After We Saved the World: Post-Mortem
After We Saved the World is a tactical RPG with a twist: you start out with all of the characters, all of the best items, and all of the most powerful skills, and you must return everything back to the way it was when you lived in generic fantasy village #3. All in all, I’m counting this one as a success, but it was a rough ride.
What went wrong
- Stubborn refusal to use an existing game engine. That’s right: the game is built on nothing more than WebGL and a couple random libraries like howler.js. Worse still, I came into this project with front-end development skills that were novice at best, so I had to sink a lot of time into learning how to use node.js and gulp and things like that.
- Bad timing with work. I know—I’m who’s running this Mini LD, and I could have just chosen a week where I didn’t have as much of a conflict with work! But I just didn’t plan everything out well enough. A bit of stress and overwork had me on a bad sleep schedule before the project even started, but by the end of the week I managed to get some consistent good nights of sleep in.
- Large scope. This is the perennial problem with Ludum Dare games, or games in general, or heck, software projects. A tactical RPG, what, was I insane? It turns out I just had barely enough time to get combat and basic game structure working before the end of the week.
What went right
- Creative Commons assets. Even though I had always made my own assets for Ludum Dare in the past, I decided to go the Creative Commons route for almost everything except for music and a few odd UI elements. I managed to find some great sprites, textures, and icons on opengameart.org. Not only is it better than what I could have done by myself, but the whole thing even looks like it was supposed to fit together.

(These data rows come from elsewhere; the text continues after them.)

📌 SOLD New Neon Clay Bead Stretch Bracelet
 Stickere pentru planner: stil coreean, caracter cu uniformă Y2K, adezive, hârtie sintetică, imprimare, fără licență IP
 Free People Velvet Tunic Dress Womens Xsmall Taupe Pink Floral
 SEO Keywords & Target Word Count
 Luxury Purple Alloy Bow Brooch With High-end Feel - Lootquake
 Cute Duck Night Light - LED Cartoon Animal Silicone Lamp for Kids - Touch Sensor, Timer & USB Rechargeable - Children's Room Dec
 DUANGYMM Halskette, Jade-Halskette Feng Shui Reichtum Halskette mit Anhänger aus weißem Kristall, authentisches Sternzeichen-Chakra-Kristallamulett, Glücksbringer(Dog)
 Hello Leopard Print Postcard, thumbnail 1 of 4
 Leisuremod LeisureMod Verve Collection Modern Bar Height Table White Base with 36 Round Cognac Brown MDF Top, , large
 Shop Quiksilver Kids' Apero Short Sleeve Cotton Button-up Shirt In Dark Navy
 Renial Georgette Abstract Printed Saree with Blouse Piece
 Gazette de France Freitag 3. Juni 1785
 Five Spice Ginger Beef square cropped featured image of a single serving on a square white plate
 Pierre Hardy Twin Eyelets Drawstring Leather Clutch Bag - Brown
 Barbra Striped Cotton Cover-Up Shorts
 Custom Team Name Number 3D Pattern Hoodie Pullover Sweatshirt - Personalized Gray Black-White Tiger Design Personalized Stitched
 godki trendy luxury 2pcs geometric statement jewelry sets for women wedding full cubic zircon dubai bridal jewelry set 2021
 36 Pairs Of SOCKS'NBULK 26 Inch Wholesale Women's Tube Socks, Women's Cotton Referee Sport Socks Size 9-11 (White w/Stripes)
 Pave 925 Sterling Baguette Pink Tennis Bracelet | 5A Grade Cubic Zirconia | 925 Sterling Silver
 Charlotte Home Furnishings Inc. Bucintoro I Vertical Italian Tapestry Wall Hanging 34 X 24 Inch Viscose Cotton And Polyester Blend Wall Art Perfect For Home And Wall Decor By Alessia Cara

- Rolling my own WebGL code. I know that this is also in the “what went wrong” column, but I’ve been doing OpenGL for long enough that my first thoughts after picking a genre were along the lines of, “ah, I know how I want to batch this data”, and “these are the shaders I need.” I even managed to simplify the pointer hit test code: rather than write a bunch of geometry code to calculate which tile the player clicked on, I just read the coordinates out of a special WebGL buffer.
- Choosing a concept that is both new and fun. I love tactical games, and that enjoyment transferred well to the project. But I had never made a tactical RPG before—to be honest, I only ever played Avernum—and that meant I wasn’t rehashing a game that I had made before.
I’d post a link to my game, or a screenshot, but something is wrong with the time vortex. Check back later.